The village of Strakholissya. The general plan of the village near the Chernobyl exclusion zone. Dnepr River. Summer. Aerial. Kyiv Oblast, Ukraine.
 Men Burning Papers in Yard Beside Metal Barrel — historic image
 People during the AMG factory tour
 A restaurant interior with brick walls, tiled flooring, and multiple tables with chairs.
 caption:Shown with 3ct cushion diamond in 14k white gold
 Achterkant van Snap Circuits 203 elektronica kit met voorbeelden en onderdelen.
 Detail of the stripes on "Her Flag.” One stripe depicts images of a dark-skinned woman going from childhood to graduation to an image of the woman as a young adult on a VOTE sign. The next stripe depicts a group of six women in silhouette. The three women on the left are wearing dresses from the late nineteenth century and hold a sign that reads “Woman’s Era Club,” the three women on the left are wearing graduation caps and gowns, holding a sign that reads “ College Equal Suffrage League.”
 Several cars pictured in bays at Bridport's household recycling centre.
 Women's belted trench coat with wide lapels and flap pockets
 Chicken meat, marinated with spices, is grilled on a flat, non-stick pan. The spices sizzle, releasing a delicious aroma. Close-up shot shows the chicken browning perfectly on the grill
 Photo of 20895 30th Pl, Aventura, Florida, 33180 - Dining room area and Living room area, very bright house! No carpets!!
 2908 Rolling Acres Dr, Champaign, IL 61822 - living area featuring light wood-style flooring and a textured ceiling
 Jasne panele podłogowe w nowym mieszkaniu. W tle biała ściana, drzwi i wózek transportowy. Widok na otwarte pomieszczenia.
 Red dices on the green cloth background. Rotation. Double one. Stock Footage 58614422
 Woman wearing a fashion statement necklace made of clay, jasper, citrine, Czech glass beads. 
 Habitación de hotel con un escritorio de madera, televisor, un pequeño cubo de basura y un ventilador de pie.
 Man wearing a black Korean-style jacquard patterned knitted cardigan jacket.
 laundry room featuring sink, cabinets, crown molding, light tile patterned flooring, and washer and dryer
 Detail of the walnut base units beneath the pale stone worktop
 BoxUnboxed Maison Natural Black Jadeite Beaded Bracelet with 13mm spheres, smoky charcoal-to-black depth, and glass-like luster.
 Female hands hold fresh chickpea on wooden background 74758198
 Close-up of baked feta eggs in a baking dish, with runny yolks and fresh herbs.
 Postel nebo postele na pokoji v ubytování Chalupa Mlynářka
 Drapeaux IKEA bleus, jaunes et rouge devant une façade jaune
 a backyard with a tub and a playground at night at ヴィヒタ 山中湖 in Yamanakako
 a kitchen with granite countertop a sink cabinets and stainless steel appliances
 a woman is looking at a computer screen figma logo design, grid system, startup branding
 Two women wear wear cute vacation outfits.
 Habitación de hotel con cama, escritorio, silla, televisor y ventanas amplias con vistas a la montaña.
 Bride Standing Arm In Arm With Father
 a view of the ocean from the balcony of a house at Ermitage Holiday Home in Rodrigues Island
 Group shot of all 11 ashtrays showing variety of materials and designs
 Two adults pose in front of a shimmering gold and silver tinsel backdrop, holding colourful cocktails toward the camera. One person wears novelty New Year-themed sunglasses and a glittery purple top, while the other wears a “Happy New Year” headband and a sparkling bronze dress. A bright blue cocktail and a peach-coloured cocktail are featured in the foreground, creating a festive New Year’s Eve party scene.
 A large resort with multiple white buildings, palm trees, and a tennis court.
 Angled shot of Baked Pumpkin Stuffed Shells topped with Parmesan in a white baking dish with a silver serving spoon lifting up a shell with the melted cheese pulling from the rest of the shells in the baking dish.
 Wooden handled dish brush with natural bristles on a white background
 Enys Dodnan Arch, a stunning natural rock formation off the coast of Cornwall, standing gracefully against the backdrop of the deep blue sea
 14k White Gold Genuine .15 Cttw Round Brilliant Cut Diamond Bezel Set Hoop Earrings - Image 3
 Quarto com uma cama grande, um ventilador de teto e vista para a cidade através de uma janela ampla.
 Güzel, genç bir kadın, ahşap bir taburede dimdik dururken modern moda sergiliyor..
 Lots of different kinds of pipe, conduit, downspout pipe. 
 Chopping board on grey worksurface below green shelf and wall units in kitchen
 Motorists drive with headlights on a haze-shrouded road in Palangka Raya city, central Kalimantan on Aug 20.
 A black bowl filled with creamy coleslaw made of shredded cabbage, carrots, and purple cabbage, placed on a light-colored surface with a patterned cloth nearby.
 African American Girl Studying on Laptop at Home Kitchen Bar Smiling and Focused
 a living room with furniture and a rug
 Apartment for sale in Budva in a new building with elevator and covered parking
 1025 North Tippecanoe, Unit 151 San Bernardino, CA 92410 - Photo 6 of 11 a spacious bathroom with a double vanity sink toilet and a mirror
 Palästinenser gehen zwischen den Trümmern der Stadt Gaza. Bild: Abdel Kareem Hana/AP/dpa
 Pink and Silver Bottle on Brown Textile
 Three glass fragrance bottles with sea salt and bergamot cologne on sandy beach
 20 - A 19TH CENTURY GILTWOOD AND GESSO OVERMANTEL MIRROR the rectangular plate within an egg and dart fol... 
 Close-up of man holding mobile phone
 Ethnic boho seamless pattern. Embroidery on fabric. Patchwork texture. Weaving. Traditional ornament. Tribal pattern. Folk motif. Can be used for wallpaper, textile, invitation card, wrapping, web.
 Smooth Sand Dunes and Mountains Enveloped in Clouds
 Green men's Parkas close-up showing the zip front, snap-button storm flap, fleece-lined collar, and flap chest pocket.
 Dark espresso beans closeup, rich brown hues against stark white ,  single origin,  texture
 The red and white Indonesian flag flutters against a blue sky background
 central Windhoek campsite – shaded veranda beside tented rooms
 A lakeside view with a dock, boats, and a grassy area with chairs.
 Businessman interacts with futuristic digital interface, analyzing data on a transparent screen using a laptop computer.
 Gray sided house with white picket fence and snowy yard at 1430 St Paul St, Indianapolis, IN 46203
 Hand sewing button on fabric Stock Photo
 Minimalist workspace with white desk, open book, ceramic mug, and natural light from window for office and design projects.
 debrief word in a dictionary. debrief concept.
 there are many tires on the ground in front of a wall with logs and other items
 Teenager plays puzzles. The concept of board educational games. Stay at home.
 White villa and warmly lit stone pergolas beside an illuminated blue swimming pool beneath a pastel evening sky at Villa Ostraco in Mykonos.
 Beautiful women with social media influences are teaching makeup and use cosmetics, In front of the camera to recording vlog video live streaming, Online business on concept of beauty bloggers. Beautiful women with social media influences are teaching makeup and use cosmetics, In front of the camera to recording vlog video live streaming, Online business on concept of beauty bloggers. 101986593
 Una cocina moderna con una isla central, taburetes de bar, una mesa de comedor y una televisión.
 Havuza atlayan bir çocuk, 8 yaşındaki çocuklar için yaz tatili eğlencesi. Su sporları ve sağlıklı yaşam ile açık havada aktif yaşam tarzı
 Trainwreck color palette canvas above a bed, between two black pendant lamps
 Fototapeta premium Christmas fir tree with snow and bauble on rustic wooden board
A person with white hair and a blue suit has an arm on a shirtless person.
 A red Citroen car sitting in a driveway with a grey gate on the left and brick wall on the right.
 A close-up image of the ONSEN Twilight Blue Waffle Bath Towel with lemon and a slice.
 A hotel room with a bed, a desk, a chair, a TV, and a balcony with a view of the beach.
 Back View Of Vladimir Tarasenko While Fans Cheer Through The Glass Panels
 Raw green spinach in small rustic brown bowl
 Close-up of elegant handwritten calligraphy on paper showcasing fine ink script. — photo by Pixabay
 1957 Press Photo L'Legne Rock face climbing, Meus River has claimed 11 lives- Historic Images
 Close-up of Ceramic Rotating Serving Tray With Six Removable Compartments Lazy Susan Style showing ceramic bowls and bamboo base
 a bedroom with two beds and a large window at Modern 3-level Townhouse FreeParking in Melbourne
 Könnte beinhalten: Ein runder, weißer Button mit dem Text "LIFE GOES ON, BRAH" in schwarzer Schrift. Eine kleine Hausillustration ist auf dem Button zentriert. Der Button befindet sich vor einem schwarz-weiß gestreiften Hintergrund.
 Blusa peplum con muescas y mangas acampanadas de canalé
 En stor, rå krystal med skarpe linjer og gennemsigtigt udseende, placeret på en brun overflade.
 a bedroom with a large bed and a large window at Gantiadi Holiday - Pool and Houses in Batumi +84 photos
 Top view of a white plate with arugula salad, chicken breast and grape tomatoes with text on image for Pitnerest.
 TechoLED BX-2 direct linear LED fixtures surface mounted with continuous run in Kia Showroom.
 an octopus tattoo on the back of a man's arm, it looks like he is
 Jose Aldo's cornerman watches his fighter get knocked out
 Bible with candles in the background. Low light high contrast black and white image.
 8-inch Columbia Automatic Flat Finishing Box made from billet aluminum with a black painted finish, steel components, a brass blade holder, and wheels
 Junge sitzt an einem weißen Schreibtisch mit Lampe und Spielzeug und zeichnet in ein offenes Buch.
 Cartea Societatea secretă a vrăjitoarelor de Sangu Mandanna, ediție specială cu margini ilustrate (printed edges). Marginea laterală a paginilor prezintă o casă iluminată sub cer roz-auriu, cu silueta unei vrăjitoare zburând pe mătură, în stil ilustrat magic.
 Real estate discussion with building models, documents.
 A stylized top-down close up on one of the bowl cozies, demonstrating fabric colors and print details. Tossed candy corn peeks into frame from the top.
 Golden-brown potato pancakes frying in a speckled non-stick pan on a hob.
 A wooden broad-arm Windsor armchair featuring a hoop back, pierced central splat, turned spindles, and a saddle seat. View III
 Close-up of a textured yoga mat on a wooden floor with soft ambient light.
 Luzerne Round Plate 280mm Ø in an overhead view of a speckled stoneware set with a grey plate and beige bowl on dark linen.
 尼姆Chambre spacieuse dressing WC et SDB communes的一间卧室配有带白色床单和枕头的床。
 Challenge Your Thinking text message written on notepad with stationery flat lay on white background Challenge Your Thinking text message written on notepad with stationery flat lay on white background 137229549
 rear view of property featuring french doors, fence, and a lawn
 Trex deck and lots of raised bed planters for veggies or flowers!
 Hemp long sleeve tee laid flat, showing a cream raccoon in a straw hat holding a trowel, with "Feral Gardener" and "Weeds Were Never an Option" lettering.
────────────────
*Task instructions*. Of the lines above, retype only those from the line containing "Motorists drive with" through the line containing "A black bowl", including both, exactly.

*Written reply*.
 Motorists drive with headlights on a haze-shrouded road in Palangka Raya city, central Kalimantan on Aug 20.
 A black bowl filled with creamy coleslaw made of shredded cabbage, carrots, and purple cabbage, placed on a light-colored surface with a patterned cloth nearby.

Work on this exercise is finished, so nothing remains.